WHAT TO WORK ON –
In the material below, pictures must be dropped. Repeat exactly, and only, the lines from the line with "Phoenix IranAir FOR" to the line with "Gianvito Rossi Gianvito", both ends included.

==== PROVIDED MATERIAL ====

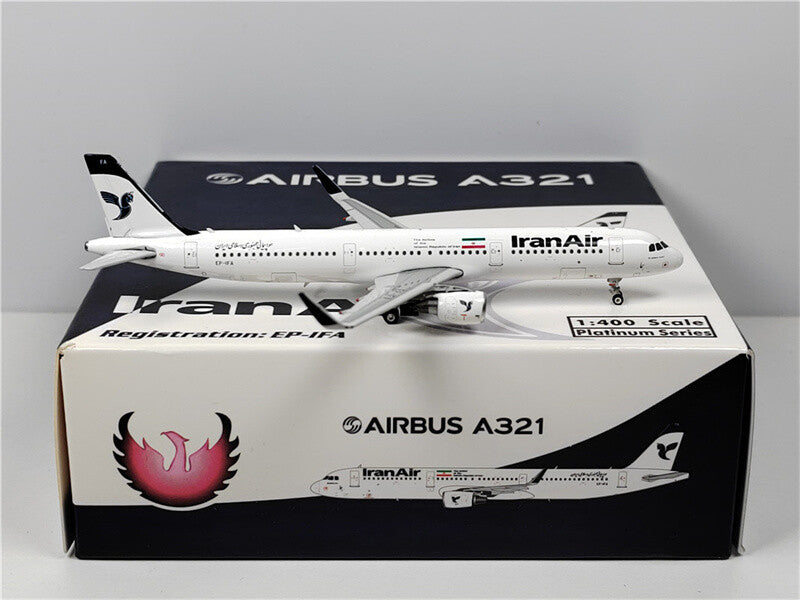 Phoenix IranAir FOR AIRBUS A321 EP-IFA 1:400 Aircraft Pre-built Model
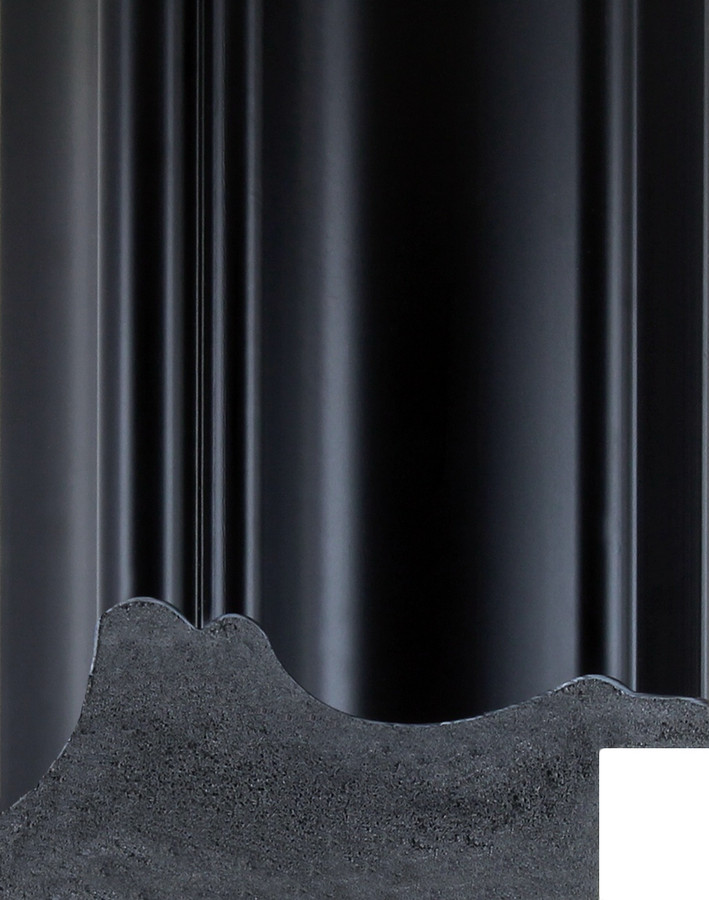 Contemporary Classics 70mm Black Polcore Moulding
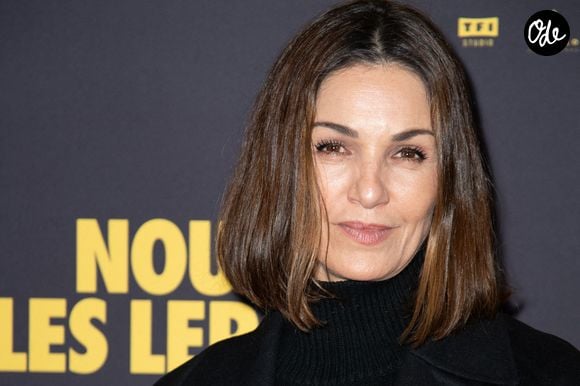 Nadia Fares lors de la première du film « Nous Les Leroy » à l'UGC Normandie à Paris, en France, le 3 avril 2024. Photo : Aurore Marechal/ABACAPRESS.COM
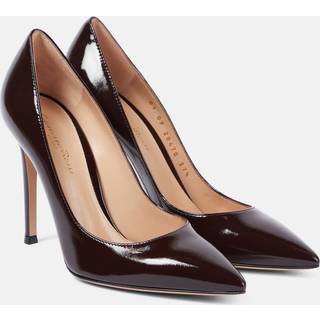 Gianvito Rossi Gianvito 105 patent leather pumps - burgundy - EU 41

====
==== PROVIDED MATERIAL ====

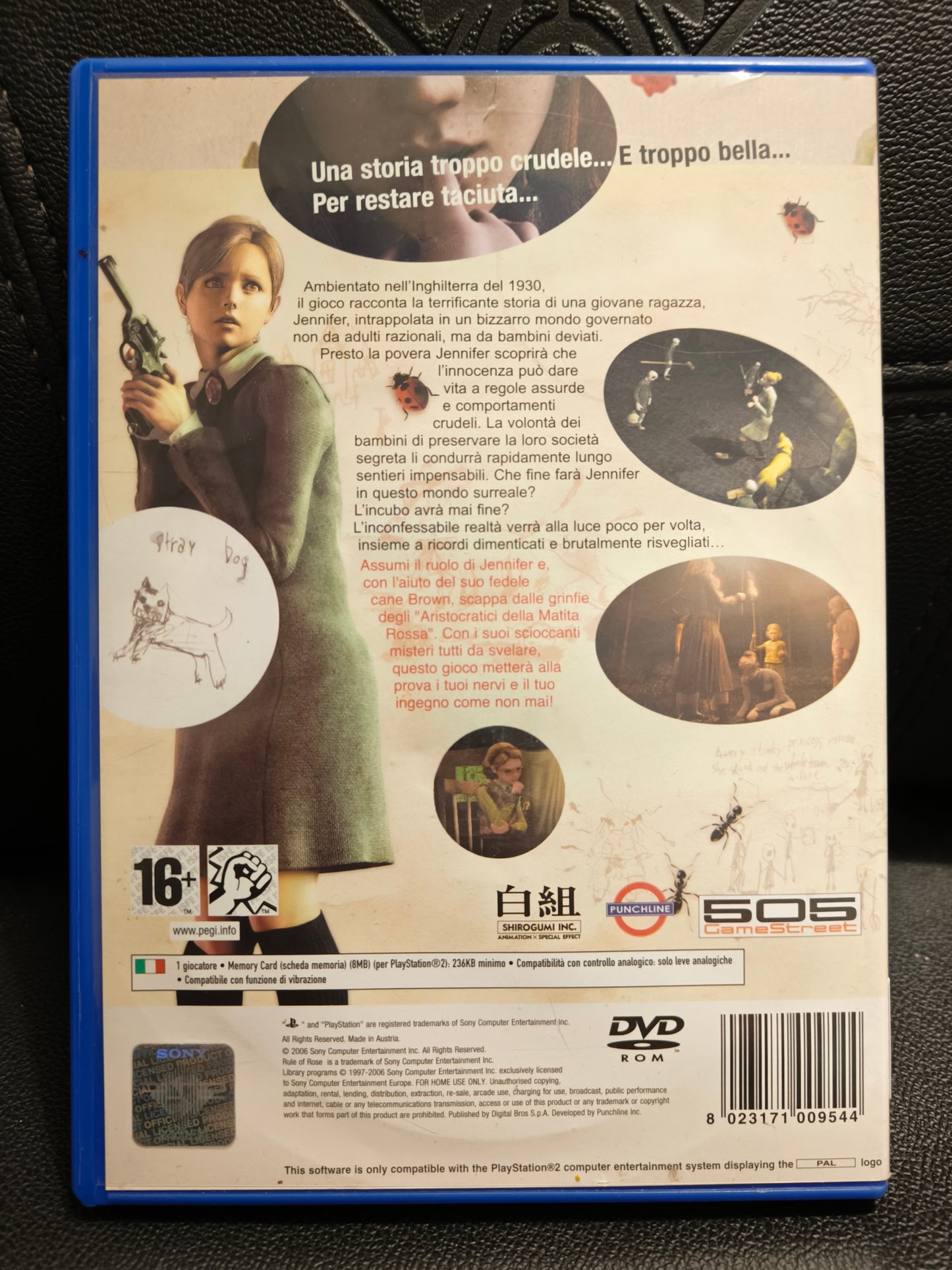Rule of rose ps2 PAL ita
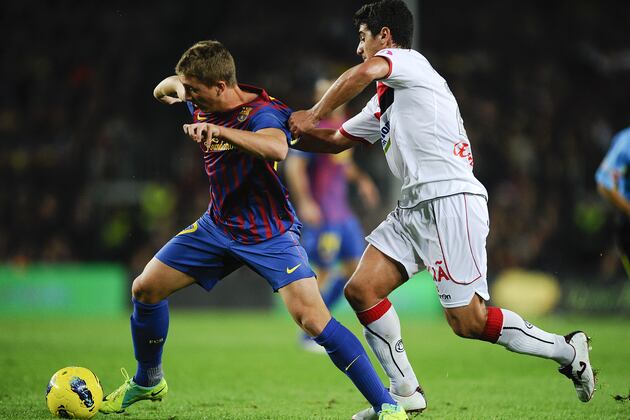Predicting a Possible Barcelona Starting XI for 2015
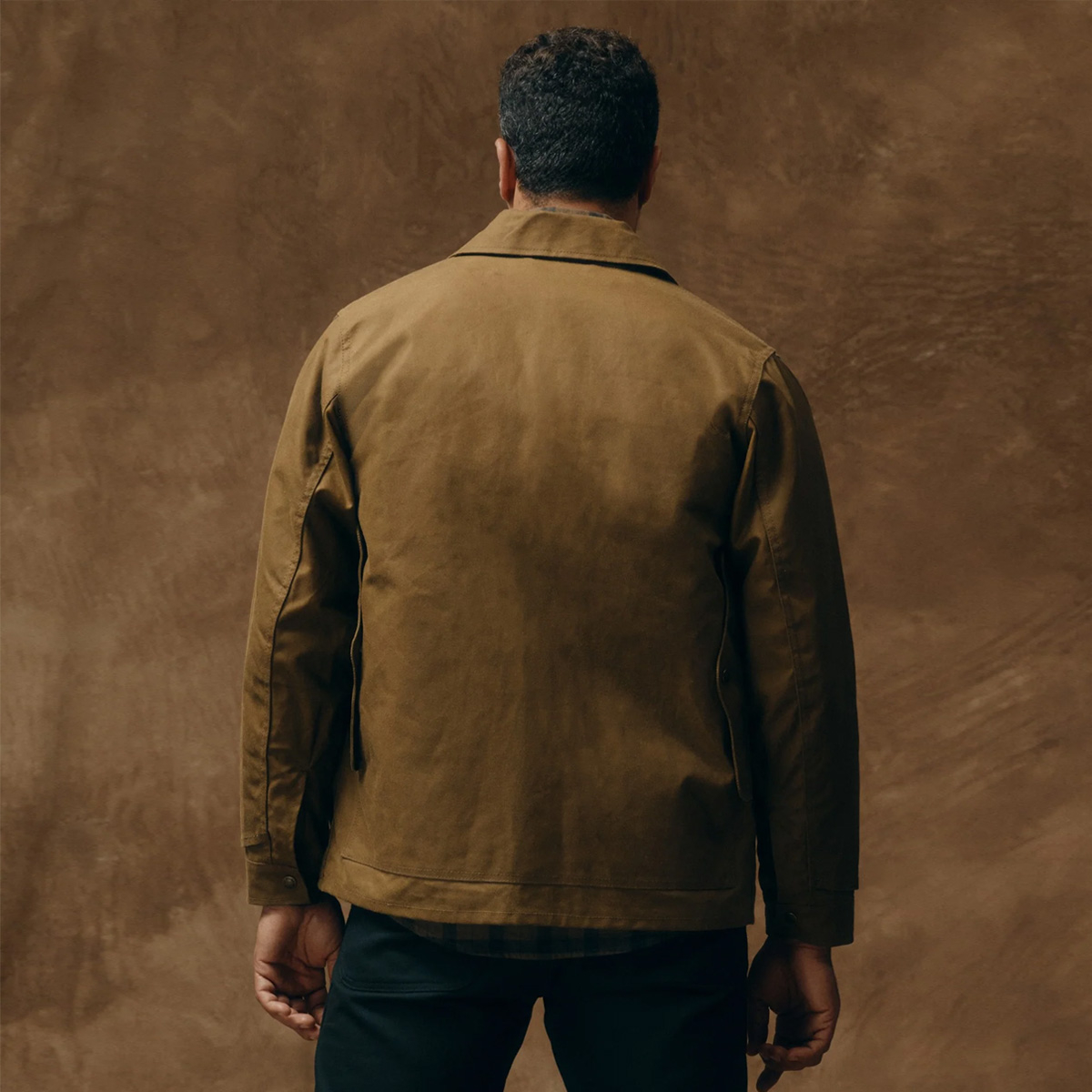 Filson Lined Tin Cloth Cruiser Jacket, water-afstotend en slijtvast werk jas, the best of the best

====
==== PROVIDED MATERIAL ====

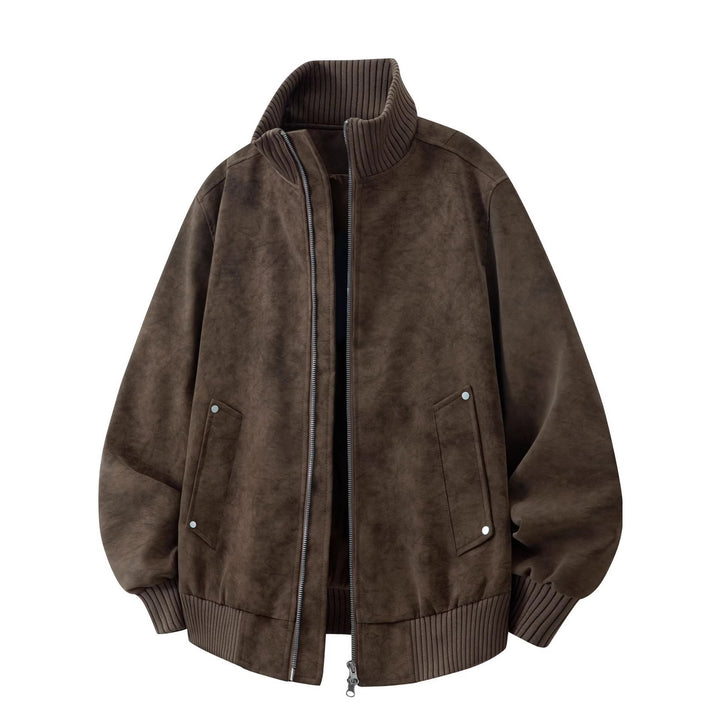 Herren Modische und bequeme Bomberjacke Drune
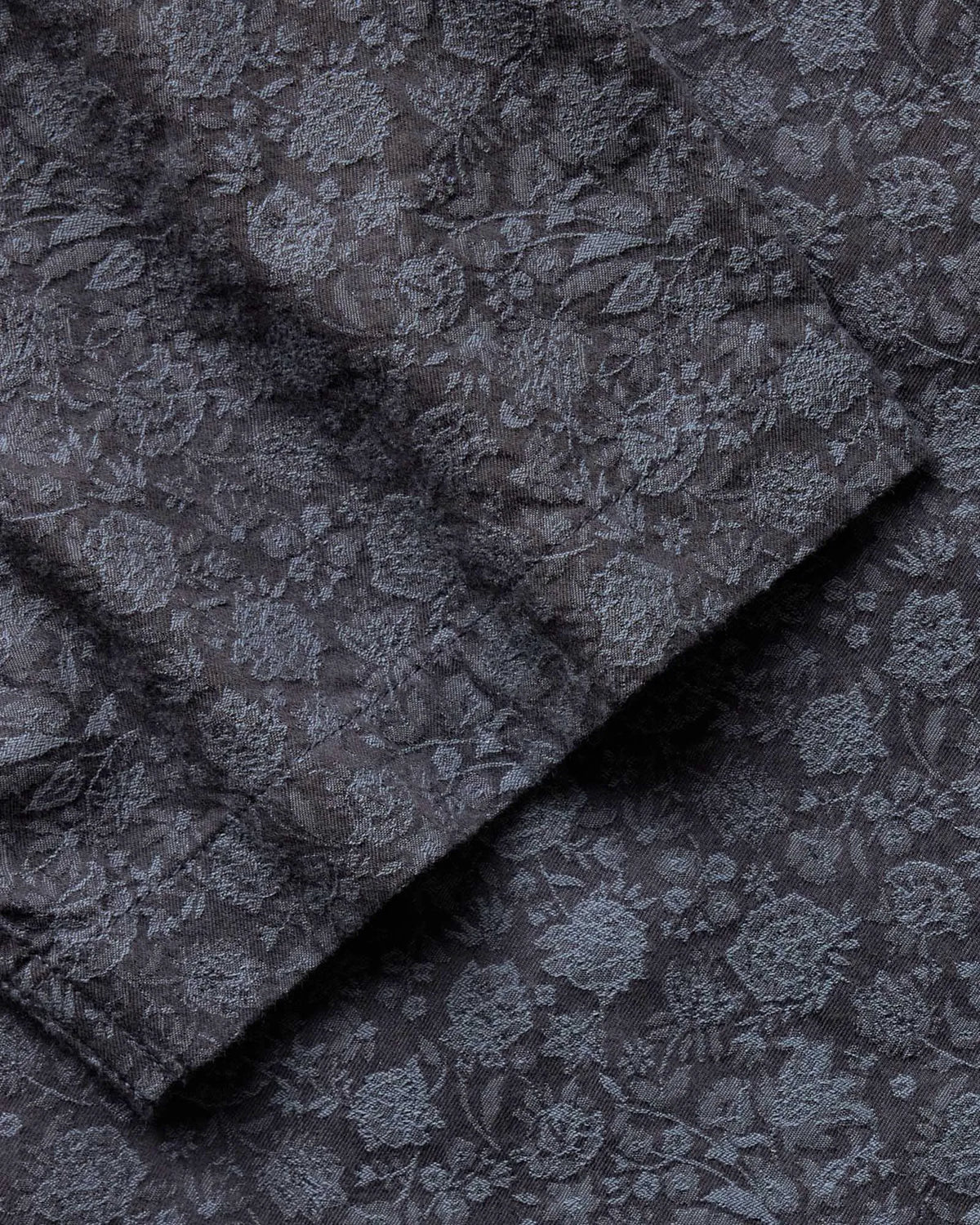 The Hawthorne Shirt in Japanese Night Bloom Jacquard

====

REPLY TO THE EXERCISE –
 Phoenix IranAir FOR AIRBUS A321 EP-IFA 1:400 Aircraft Pre-built Model
 Contemporary Classics 70mm Black Polcore Moulding
 Nadia Fares lors de la première du film « Nous Les Leroy » à l'UGC Normandie à Paris, en France, le 3 avril 2024. Photo : Aurore Marechal/ABACAPRESS.COM
 Gianvito Rossi Gianvito 105 patent leather pumps - burgundy - EU 41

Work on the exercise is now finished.